Aujourd’hui, soutient-il, souverainistes et fédéralistes sont sur un pied d’égalité. « Aucune des deux options n’apporte de réponse satisfaite aux questions que se posent les Québécois : La souveraineté, pourquoi? Le fédéralisme, pourquoi? Quel Québec? Quel Canada? »

Aussi, soutient-il, lorsque Pierre-Karl Péladeau a fait son entrée dans la campagne électorale, l’élection est devenue référendaire et le PQ avait perdu. Il n’avait pas de réponse à la question : « La souveraineté, pourquoi? Pour être quoi? Pour faire quoi? Pour quel Québec? Que voulons-nous? »

Dryden conclut son article en disant que « le débat sur la souveraineté n’est pas terminé. Il vient seulement d’entrer dans une nouvelle phase ».

Cette nouvelle phase, les Guillaume Rousseau et compagnie refusent d’y entrer. Ils préfèrent ergoter sur la soi-disant « stratégie référendaire ». Faut-il repousser le référendum au deuxième mandat? Ou ne le conserver que comme « un simple idéal à maintenir en vie »?

On peut parier que les conseillers, anciens ou actuels, officiels et officieux, du bureau de Mme Marois, vont chercher à nous enliser dans ce faux débat au cours des prochaines semaines, au grand plaisir de toutes les Lysiane Gagnon de ce monde. Faut-il mettre l’article premier du programme sur la glace? Le projet indépendantiste n’est-il le projet que de la génération des « baby-boomers »?

Cela leur permettra de camoufler leur incompétence crasse, leur absence de réflexion en profondeur sur les enjeux fondamentaux auxquels est aujourd’hui confronté le Québec.

À cet égard, les militantes et militants bénévoles des États généraux sur la souveraineté ont produit des analyses plus développées que tous les conseillers grassement payés d’André Boisclair et Pauline Marois.

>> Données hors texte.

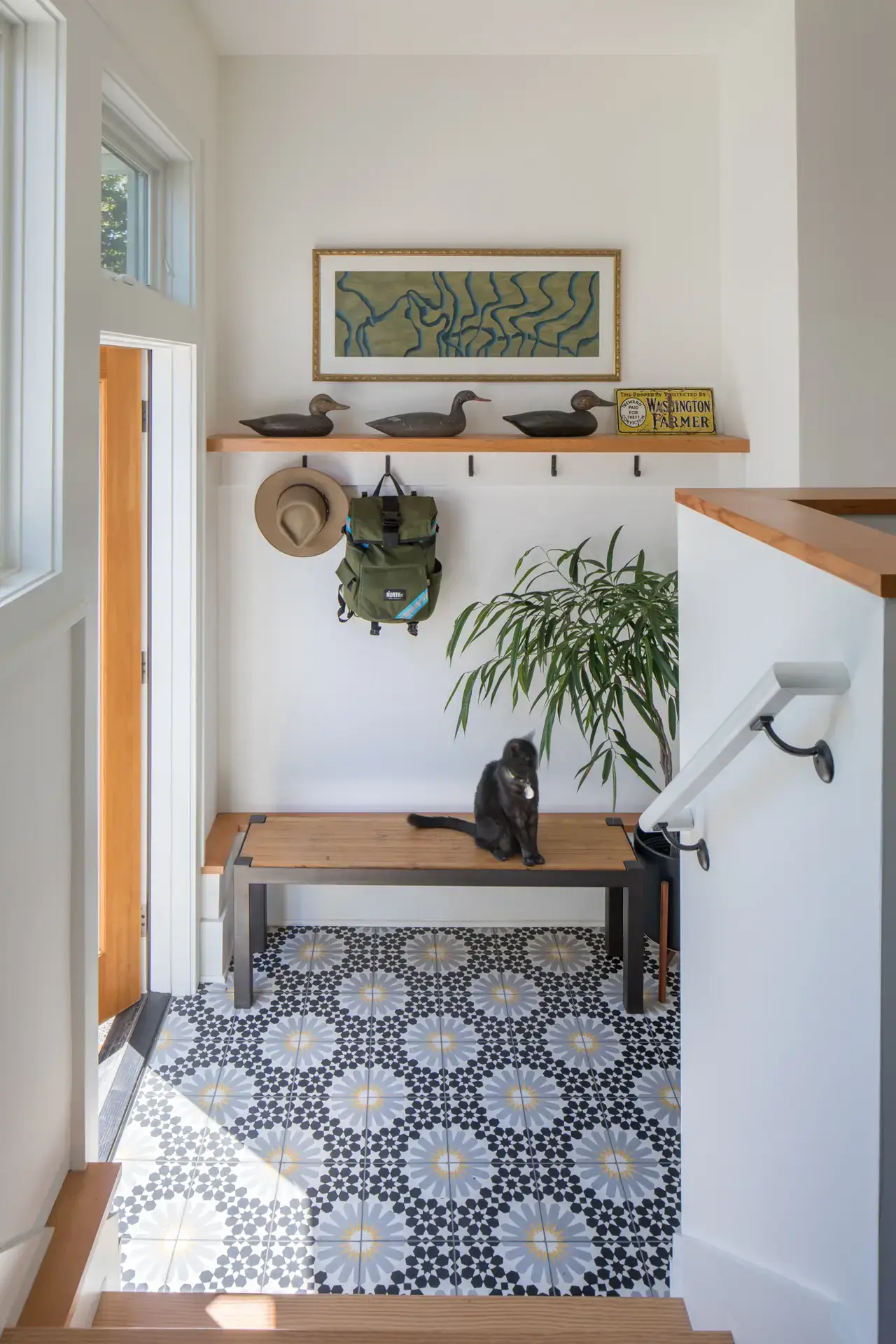 Little Larch entry, featuring a playful and visually exciting tile floor. The floor is various shades of blue and has a floral geometric pattern. The space also features a bench for removing shoes and upper shelf with coat hooks. Several decorative wood ducks are perched atop the shelf.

C’est un scandale qu’à aucun moment, avant et pendant la campagne électorale, la direction du Parti Québécois n’ait fait référence aux 92 blocages que le cadre fédéral impose au Québec, identifiés par les études des États généraux sur la souveraineté.

Les années Boisclair et Marois, neuf années de perdues pour le mouvement souverainiste!

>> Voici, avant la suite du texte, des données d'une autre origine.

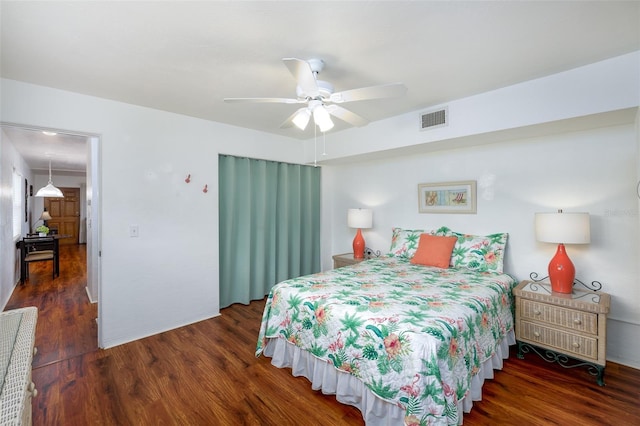 4154 56th St N Unit 720, Kenneth City, FL 33709 - bedroom with wood finished floors and a ceiling fan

Aux militantes et aux militants de prolonger la démarche des États généraux sur la souveraineté et d’étudier, d’analyser, d’approfondir la situation actuelle du Québec dans ses volets économiques, sociaux, politiques, environnementaux, culturels, et la place du Québec dans le monde, afin d’en dégager clairement les motifs plaidant pour l’indépendance du Québec et mener, par la suite, une campagne d’éducation pour le convaincre le peuple du bien-fondé du projet souverainiste.

La stratégie pour accéder au pays se clarifiera en cours de route en fonction de la pénétration de ces idées au sein de la population et de la conjoncture politique du moment.

Le mouvement souverainiste doit entrer dans une nouvelle phase.

Que Ken Dryden – qu’on imagine dans sa posture si caractéristique, accoté sur son bâton, à l’autre bout de la patinoire – ait une meilleure vision du jeu politique à venir que des conseillers et des députés du Parti Québécois en dit long sur l’état actuel du mouvement souverainiste.